(Web page caption snippets)
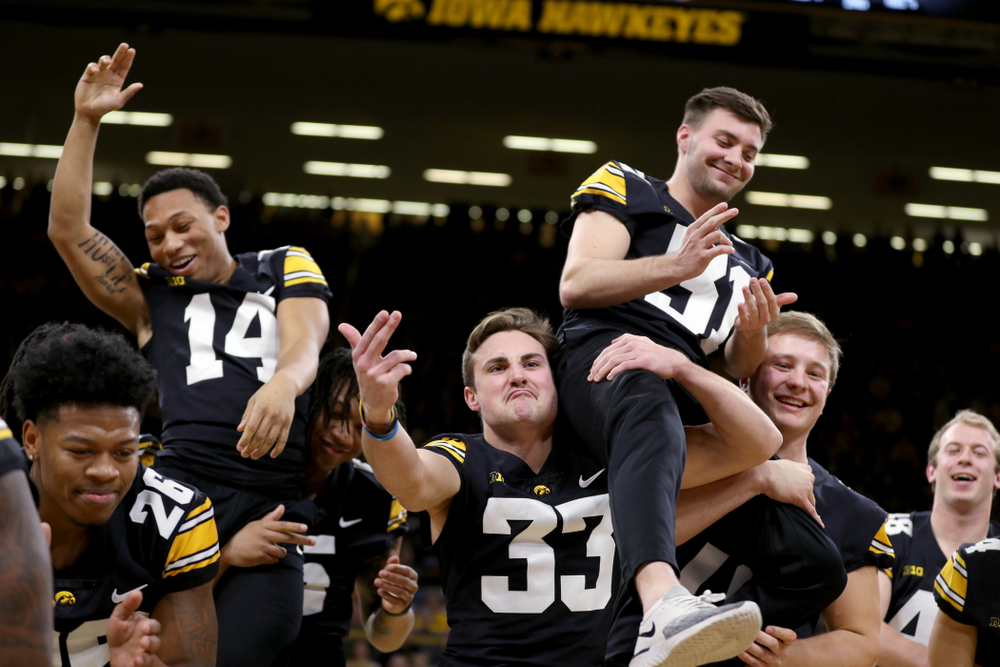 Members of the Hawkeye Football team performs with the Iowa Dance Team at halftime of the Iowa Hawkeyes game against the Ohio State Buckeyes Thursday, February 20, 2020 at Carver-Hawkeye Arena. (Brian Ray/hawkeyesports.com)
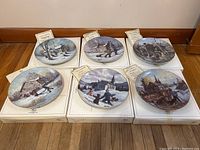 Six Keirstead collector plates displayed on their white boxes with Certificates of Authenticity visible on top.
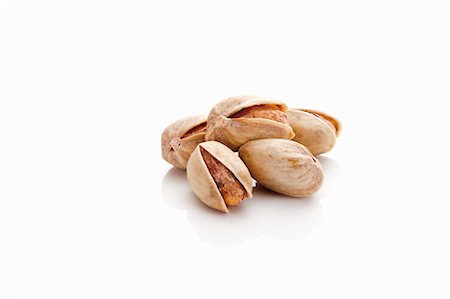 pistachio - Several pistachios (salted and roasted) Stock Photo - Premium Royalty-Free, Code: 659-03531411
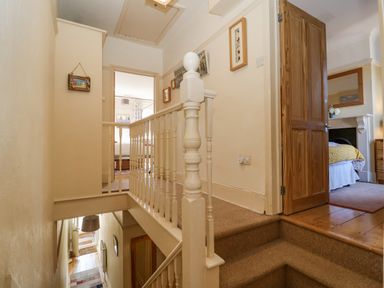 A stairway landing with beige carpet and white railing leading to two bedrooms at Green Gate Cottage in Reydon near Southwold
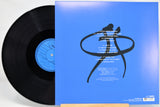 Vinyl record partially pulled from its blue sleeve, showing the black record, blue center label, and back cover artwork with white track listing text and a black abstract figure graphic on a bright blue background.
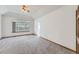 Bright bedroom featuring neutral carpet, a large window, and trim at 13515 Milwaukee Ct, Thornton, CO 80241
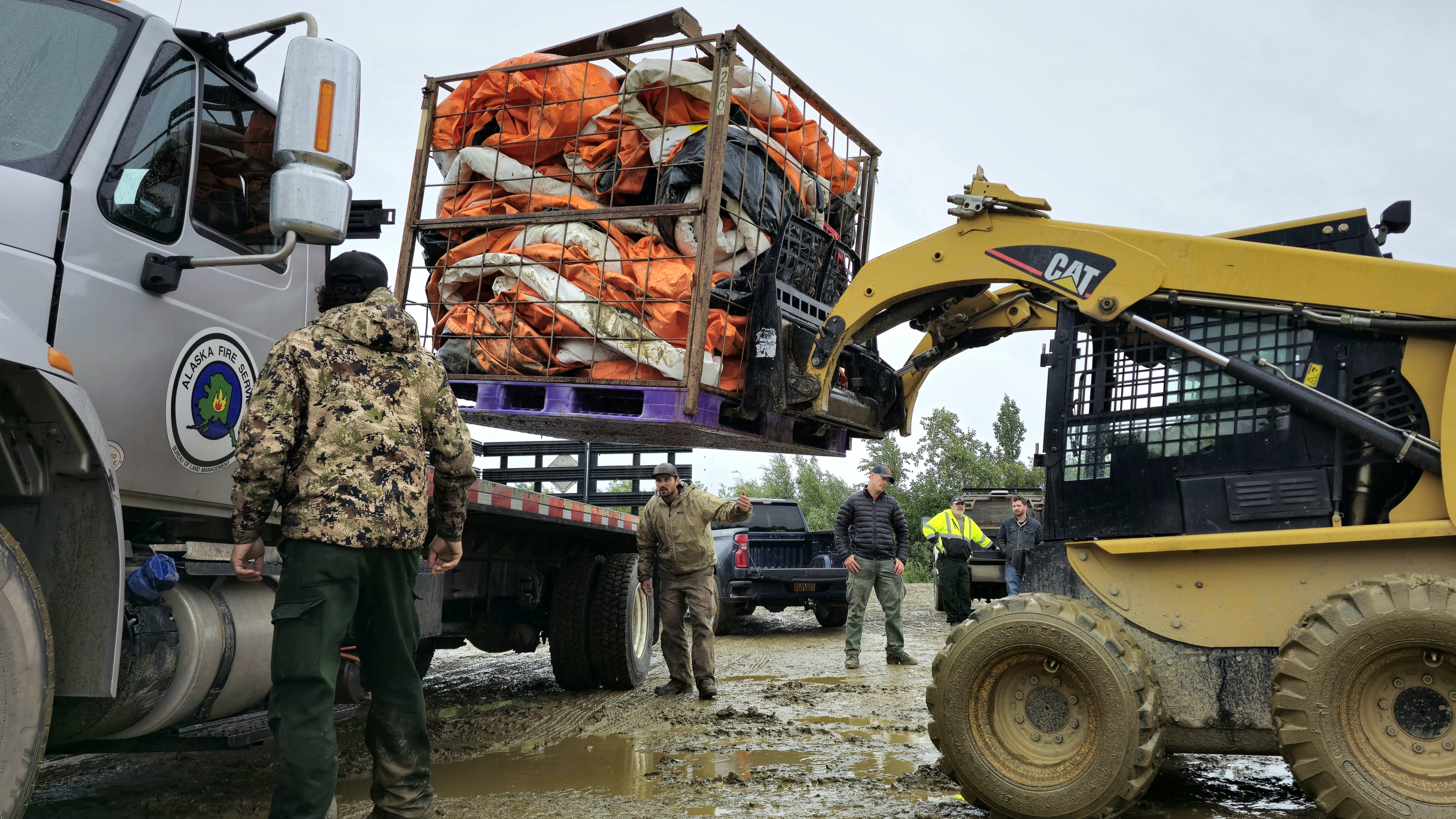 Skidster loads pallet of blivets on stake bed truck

__Instructions to follow__: Please give an exact copy of the lines from the line containing "Vinyl record partially" through the end of the records above, pictures excluded.

__Solution below__:
 Vinyl record partially pulled from its blue sleeve, showing the black record, blue center label, and back cover artwork with white track listing text and a black abstract figure graphic on a bright blue background.
 Bright bedroom featuring neutral carpet, a large window, and trim at 13515 Milwaukee Ct, Thornton, CO 80241
 Skidster loads pallet of blivets on stake bed truck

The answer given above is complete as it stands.